人手不足が深刻化する飲食料品製造業では、即戦力となる外国人材の採用が急務です。本記事では、特定技能制度の概要と採用のポイントを整理します。
外国人受入れ拡大の背景
飲食料品製造業は、日本の製造業の中でも就業者数が最も多く、地域経済と雇用を支える重要な産業です。
しかし経済産業省の予測では、令和10年度には約21万人が不足するとされており、AI・ロボット等による自動化や国内人材確保の努力を行っても解消は困難です。
そのため、専門的技能を持ち即戦力となる外国人材の受け入れが進められています。
従事できる業務
特定技能1号
- 飲食料品(酒類除く)の製造・加工、安全衛生の確保
- 原料処理、加熱、殺菌、成形、乾燥など一連の作業
- 機械の安全確認や衛生管理
- 関連業務(原料調達・納品・清掃など)
特定技能2号
- 上記に加え、衛生・品質・納期・原材料などの管理業務
対象外となる業務の例
- 販売業務(レジ打ち、接客、品出し等)
- 飲食店の厨房での調理(外食業分野扱い)
- 関連業務だけに専ら従事すること(パック詰め・検品・運搬等)
飲食料品製造業分野における外国人材の受入れ拡大について/農林水産省
https://www.maff.go.jp/j/shokusan/sanki/soumu/tokuteiginou.html
食品産業特定技能協議会
制度や情報の周知、法令遵守の啓発、地域ごとの人手不足への対応のため、飲食料品製造業と外食業分野が共同で設置しています。
特定技能所属機関(受入れ機関)はこの協議会への加入が求められます。
食品産業特定技能協議会(飲食料品製造業分野・外食業分野)について/農林水産省
https://www.maff.go.jp/j/shokusan/sanki/soumu/kyougikai.html
よくある質問(飲食料品製造業分野)
- スーパーマーケットは対象?
食品製造部門のバックヤードで自ら製造する場合は対象。ただし販売業務や品出しは不可。 - 外食業のセントラルキッチンは?
調理・加工を行う集中調理施設は対象。飲食店の厨房は対象外。 - お弁当屋は対象?
卸売向けに製造する事業者は対象。持ち帰り弁当の調理販売は外食業扱い。 - 給食事業は対象?

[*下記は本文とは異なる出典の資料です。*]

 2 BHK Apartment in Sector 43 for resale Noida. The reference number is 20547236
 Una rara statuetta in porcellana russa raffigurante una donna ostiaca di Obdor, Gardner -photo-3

集中調理施設のみ対象。学校給食や施設併設厨房は外食業扱い。 - パック詰めや運搬業務は?
それのみを行う業務は不可。 - 技能実習から移行可能な職種は?
缶詰巻締、食鳥処理加工業、パン製造、そう菜製造業など。 - 転職はできる?
飲食料品製造業分野の範囲内なら、企業間・業種間の転職が可能。
まとめ
令和6年3月の制度改正により、飲食料品製造業分野には総合スーパーや食料品スーパーの食品製造部門も含まれるようになり、外国人材の就業機会はさらに広がりました。
人手不足が深刻化する中で、この制度を活用する企業は、業務範囲や対象条件を正しく理解し、法令を遵守した運用を行うことが、安定した人材確保と職場環境の整備につながります。